How social enterprises can get money from the banks
Want to know if your social enterprise is a good candidate for investment? Read on...
Access to investment is one of the most commonly cited reasons social enterprises report as a barrier to sustainability. 39% saw lack of availability of finance as a problem according to the last Social Enterprise UK ‘State of Social Enterprise’ report.
At the recent NatWest SE100 Insight event, three different types of banker offered tips to an audience of social entrepreneurs on how your social enterprise more get investment. Josh Greenway, senior lending manager at NatWest, was joined on stage at the event by Eric Munro and James Gardner. Munro’s role is director of community banking, there to support enterprises with a social purpose. He also sits on the boards of several responsible finance organisations and is part of the advisory board for Community Shares Scotland.
Gardner is somewhat unusual in that, as well as working in external affairs at NatWest (dealing with the likes of the Bank of England and the Chamber of Commerce), he runs his own business and sits on the board of a social enterprise. He also sits on an underwriting panel of the NatWest Social & Community Capital (SACC) Fund.
We got a load of money from RBS/NatWest and now we loan that to social enterprises
Gardner’s description of the fund was beautifully simple: “We got a load of money from RBS/NatWest and now we loan that to social enterprises. We have an unusual business model in that some of the transactions we lend on come to us from other NatWest bankers who are unable to satisfy the bank’s lending criteria and then come to us, asking if we can have a go.” Gardner was also keen to stress that social impact is assessed when loans are granted from the SACC fund. “Most mainstream banks won’t do that,” he added.
Greenway started with some basics – yes, you will be credit searched and yes it is worth building a relationship with your lender. This was reinforced by Gardner: “If you have good news, pass it on. If you have won a new contract or taken on new staff, tell your lender, they will be interested.
"If you have bad news, also tell them. If you know you are not going to be able to afford repayments, don’t wait until the week before it’s due, speak to them as soon as you possibly can. It is a great thing to have an open relationship with your bank, delivering both good news and bad news. The sooner they know, they sooner they can work with you to find a solution to put in place.”
Here are seven things NatWest will look at before lending to a social enterprise.
The character of both you and the management team will be assessed. Are you trustworthy, do you have a good reputation? The payment history of individuals will also be looked at as well as the type of finance that you have and the total amount of debt.
Have you done this kind of work before? What are your qualifications? Have you worked in social enterprise before? These are all questions you should expect to answer. New ventures will not necessarily be penalised for lack of social enterprise experience if they have done something similar in the past.
Does the organisation have assets? NatWest will generally lend up to £25,000 unsecured but above that they will usually assess if they can take some security on some property. However, “We don’t often ask for security from social enterprises,” said Gardner.
4. Type of investment
Debt might not be the most appropriate source of finance when a business is very young or if an organisation goes through change – you might need patient capital. Work out if it’s debt or equity you need, or a combination of both? Munro advocated grants: “They might seem old fashioned but they’re the best sort of patient capital. I know they’re more difficult to get these days but it’s certainly worth exploring the option.”

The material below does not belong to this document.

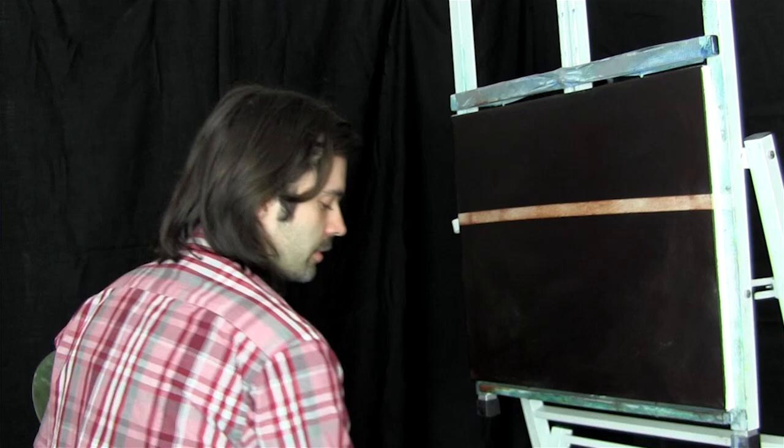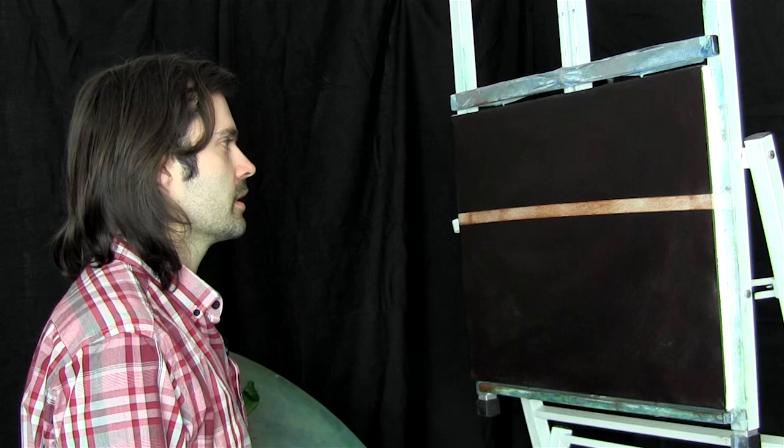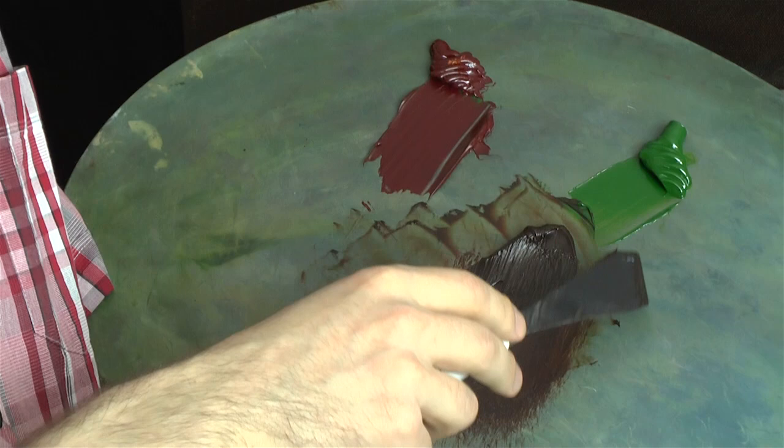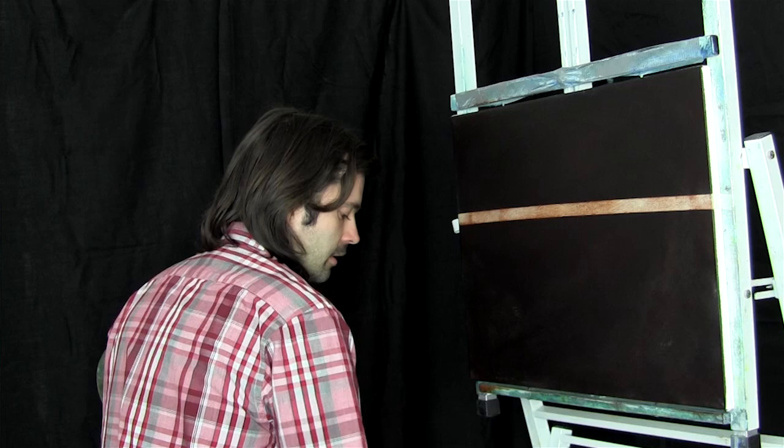We've got a 20 by 16 black canvas. I painted black gesso on the canvas and then put masking tape along here because we're going to do a seascape — that will give us a straight horizon line, which is what we want. I mixed about 50-50 sap green and alizarin crimson, which makes a nice brown. You can put a bit more crimson in than green, but it's up to you which tone you want.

Munro also took the opportunity to mention a fund that offered grants – the NatWest Skills and Opportunities Fund, which committed £2.5m last year, "to support organisations that help people in disadvantaged communities, give people the skills they need to help themselves and get back into work." A further £2.5m will be offered this year.
5. Purpose of loan.
Make sure you’re clear what you’re going to spend the money on. Do you need more staff, for example? Is it for marketing to try and win new contracts? “Sometimes we get people who are a bit wishy-washy about the purpose which doesn’t help and we do like to know that it’s going to benefit the business,” said Greenway.

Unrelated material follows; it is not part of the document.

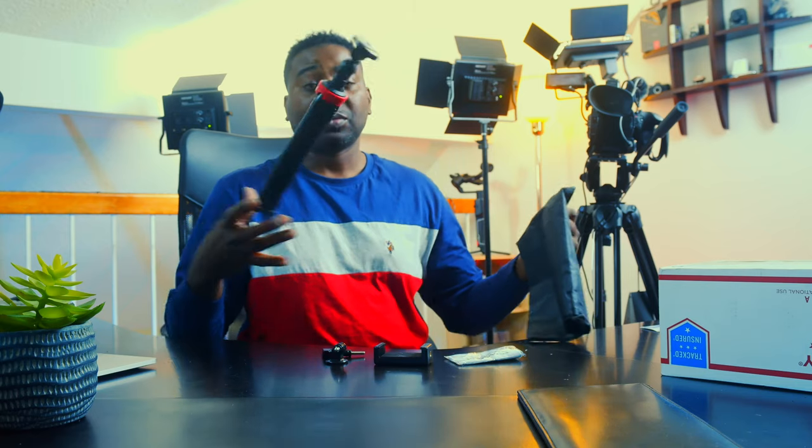I have the Rode Wireless Go and we're just figuring out how effective this thing is, you know, if I can depend on these guys for vlogging. My vlogging setup, by the way, is coming up. I'm holding what's making it all happen — this grip from Fantaseal. I will show you when I get back.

Pitch it right and make sure it is not pie in the sky stuff. The bank also likes to see that the risk will be shared, that the business has built up capital reserves or that the business or directors are putting in some money into whatever you are funding. Banks might lend 70/75% for instance.
Seems obvious but banks will assess if there is sufficient profit in the business to repay loans. According to Gardner, affordability of a loan is the main reason banks will say no. “Its important for us as social enterprises that the banks understand where we are going to get the cash to repay them. “If your profit covers your annual loan repayments two times over you’re in a really good place,” added Greenway.